[The records — start]
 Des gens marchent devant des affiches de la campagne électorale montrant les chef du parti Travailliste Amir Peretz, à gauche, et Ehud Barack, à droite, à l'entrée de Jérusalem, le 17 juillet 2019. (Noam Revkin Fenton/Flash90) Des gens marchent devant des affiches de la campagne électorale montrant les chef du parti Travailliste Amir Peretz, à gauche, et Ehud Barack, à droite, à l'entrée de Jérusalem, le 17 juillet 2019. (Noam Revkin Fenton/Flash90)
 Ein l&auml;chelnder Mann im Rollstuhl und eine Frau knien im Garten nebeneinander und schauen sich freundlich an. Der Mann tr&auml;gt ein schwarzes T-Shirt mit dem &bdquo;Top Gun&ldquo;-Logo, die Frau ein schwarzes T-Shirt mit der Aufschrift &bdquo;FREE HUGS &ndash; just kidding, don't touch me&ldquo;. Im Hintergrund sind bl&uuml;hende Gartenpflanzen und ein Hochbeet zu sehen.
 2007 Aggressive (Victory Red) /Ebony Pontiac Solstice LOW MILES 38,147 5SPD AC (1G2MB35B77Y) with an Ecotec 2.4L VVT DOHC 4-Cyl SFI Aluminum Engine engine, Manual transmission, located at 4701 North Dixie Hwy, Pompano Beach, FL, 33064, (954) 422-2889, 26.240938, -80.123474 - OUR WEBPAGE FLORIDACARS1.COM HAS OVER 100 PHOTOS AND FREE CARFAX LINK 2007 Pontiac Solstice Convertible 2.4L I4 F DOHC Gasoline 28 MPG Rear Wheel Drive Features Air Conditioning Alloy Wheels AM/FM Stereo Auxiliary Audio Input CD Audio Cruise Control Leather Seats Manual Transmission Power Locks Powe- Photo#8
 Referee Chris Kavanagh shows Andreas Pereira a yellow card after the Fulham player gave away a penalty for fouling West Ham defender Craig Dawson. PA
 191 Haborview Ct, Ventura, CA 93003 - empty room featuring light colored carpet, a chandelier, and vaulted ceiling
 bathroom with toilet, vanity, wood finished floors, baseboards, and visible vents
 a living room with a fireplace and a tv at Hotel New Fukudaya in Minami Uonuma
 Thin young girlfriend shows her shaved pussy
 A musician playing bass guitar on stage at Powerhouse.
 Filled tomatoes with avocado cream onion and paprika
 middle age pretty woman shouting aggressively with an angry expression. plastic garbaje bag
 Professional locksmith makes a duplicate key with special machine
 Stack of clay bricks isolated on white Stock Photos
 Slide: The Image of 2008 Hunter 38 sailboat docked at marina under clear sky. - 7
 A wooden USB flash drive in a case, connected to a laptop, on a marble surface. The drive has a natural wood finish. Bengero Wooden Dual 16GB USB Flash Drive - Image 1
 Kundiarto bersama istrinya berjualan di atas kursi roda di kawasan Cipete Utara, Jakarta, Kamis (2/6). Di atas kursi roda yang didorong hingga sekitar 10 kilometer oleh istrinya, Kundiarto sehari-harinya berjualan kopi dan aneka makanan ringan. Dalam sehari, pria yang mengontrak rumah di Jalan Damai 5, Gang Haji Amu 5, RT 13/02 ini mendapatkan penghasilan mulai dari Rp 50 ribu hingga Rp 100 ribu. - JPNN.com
[The records — finish]
_What to work on_
Show the lines above that have the word "wood".

_Output for this task_
 bathroom with toilet, vanity, wood finished floors, baseboards, and visible vents
 A wooden USB flash drive in a case, connected to a laptop, on a marble surface. The drive has a natural wood finish. Bengero Wooden Dual 16GB USB Flash Drive - Image 1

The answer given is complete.